Интереснейшие примеры аналогичного свойства можно найти в деятельности функционировавшего в течение пяти лет Центра по контактам с мусульманами — подразделения Лондонской полиции, которое боролось с джихадистами в Лондоне в партнерстве с салафитами и умеренными исламистами. Так, совместными усилиями им удалось вытеснить известного джихадистского проповедника Абу Хамза из крупной лондонской мечети, которую он превратил в центр вербовки боевиков, и тем самым существенно снизить его влияние. Предпринимавшиеся до этого попытки полиции сделать это самостоятельно не принесли успеха и привели лишь к частичному разрушению мечети, что вызвало гнев мусульман и добавило голоса радикалам.
Абу Хамза
Нетерпимость и борьба с радикалами
Конечно, умеренные фундаменталисты не могут полностью решить проблему приверженности насилию в мусульманской среде. Можно привести и немало примеров радикализации тех, кто ранее стоял на умеренных позициях. Лидеры многих европейских стран считают невозможным сотрудничество с умеренными из-за несовместимости их ценностей с европейскими. Именно по таким чисто идеологическим причинам была свернута вполне успешная деятельность лондонского Центра по контактам с мусульманами, а сам Центр был ликвидирован. Однако, с моей точки зрения, реальная угроза — не сам по себе фундаментализм, не политический ислам, а именно религиозно мотивированное насилие. Различие ценностей — вполне нормальная для демократического общества ситуация. А вот отрезание голов — нет. И все, кто может помочь этому противодействовать, являются союзниками.
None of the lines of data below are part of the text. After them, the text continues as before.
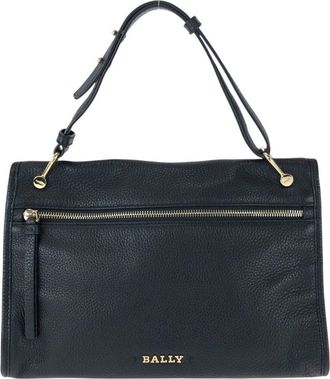 Bally Bloom Hobo Leather Handbag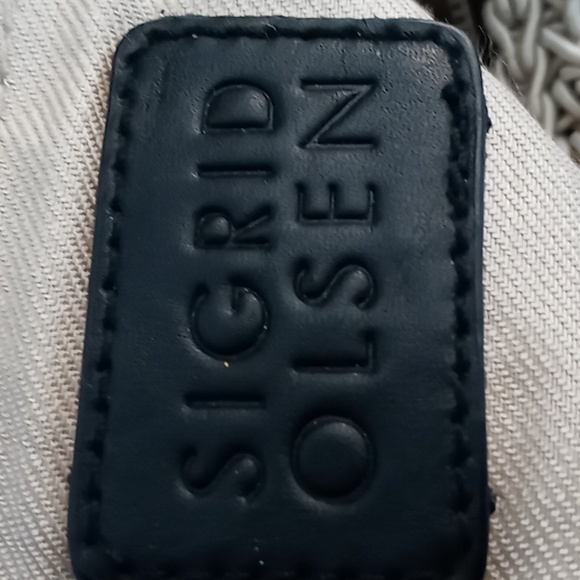 Sigrid Olsen-Vintage Crocheted Shoulder Bag w/Leather Strap & trim-Natural Beige - Picture 11 of 16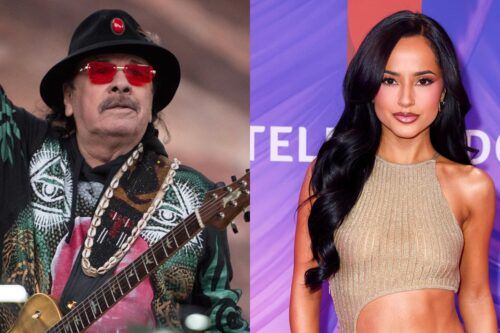 Carlos Santana y Becky G alzan la voz contra las políticas migratorias de EEUU en “Mi gran amor”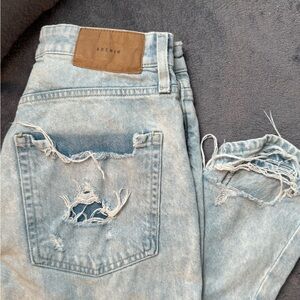 H&M Light Blue Ripped Skinny Jeans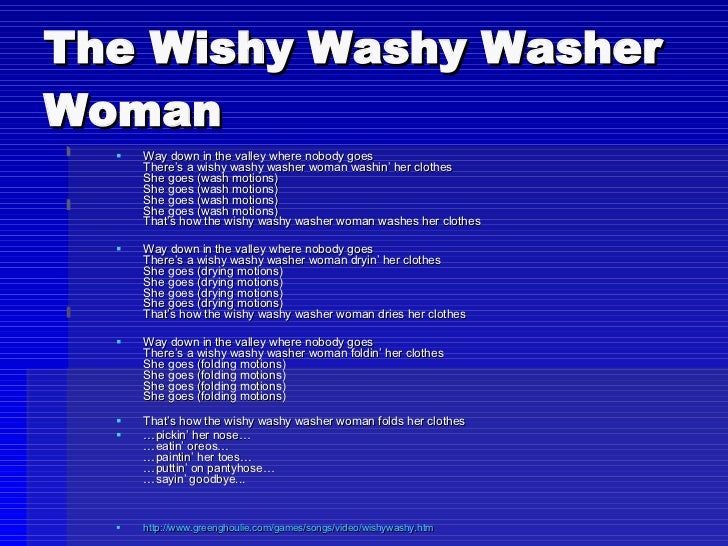 Gonoodle Wishy Washy Washer Woman Silly Songs
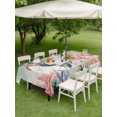thumbnail image 3 of Outdoor Tablecloth with Umbrella Hole and Zipper, Coastal Turtle Rectangle Table Cloth 54x80 Inch Waterproof Tablecloth, Farmhouse Nautical Coral Starfish Seashells Picnic Table Cover for Patio, 3 of 7
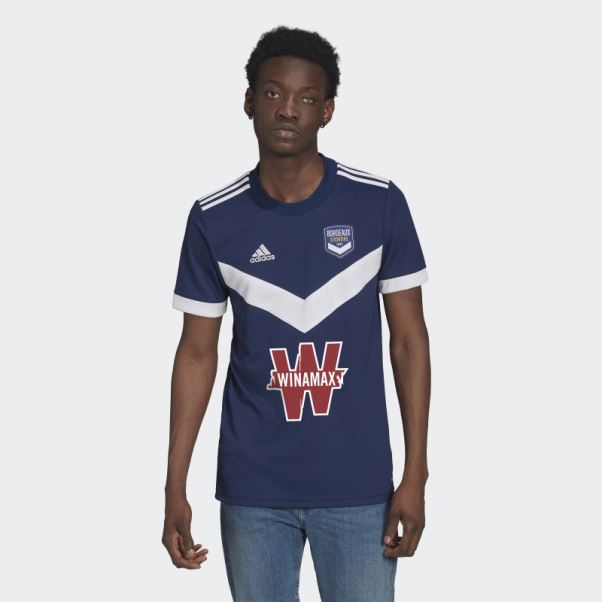 Maillot Domicile Adidas Fc Girondins De Bordeaux 21/22 Bleu Marine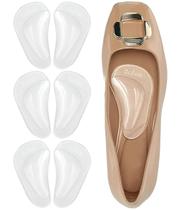 Palmilhas de gel com suporte de arco Dr Foot para pés planos, 3 pares Palmilhas de gel com suporte de arco Dr Foot para pés planos, 3 pares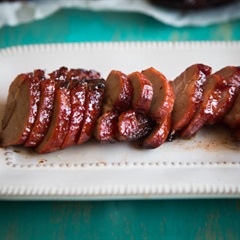 Xá xíu thịt heo nướng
Почему же, может спросить читатель, если в исламской среде идет такая ожесточенная конкуренция, мирные мусульмане не готовы единодушно осудить террористов? В этом многими видится подтверждение того, что все они — радикалы. Тогда как на самом деле, как мне представляется, здесь больше протеста против самой необходимости отмежевываться и оправдываться. Подобные требования воспринимаются примерно как призывы «разоружиться перед партией». Со всеми вытекающими. Однако немало и тех, кто по сути не готов к подобному осуждению и даже оправдывает теракты. И здесь смешиваются как определенное истолкование религии, так и восприятие Европы как источника дискриминации и подавления еще с колониальных времен. Карикатуры при этом встраиваются в сознании таких мусульман в длинный ряд оскорблений и унижений со стороны европейских стран, а теракты воспринимаются как якобы один из немногих способов восстановить утраченное достоинство. Порочный круг, который необходимо разрывать общими усилиями.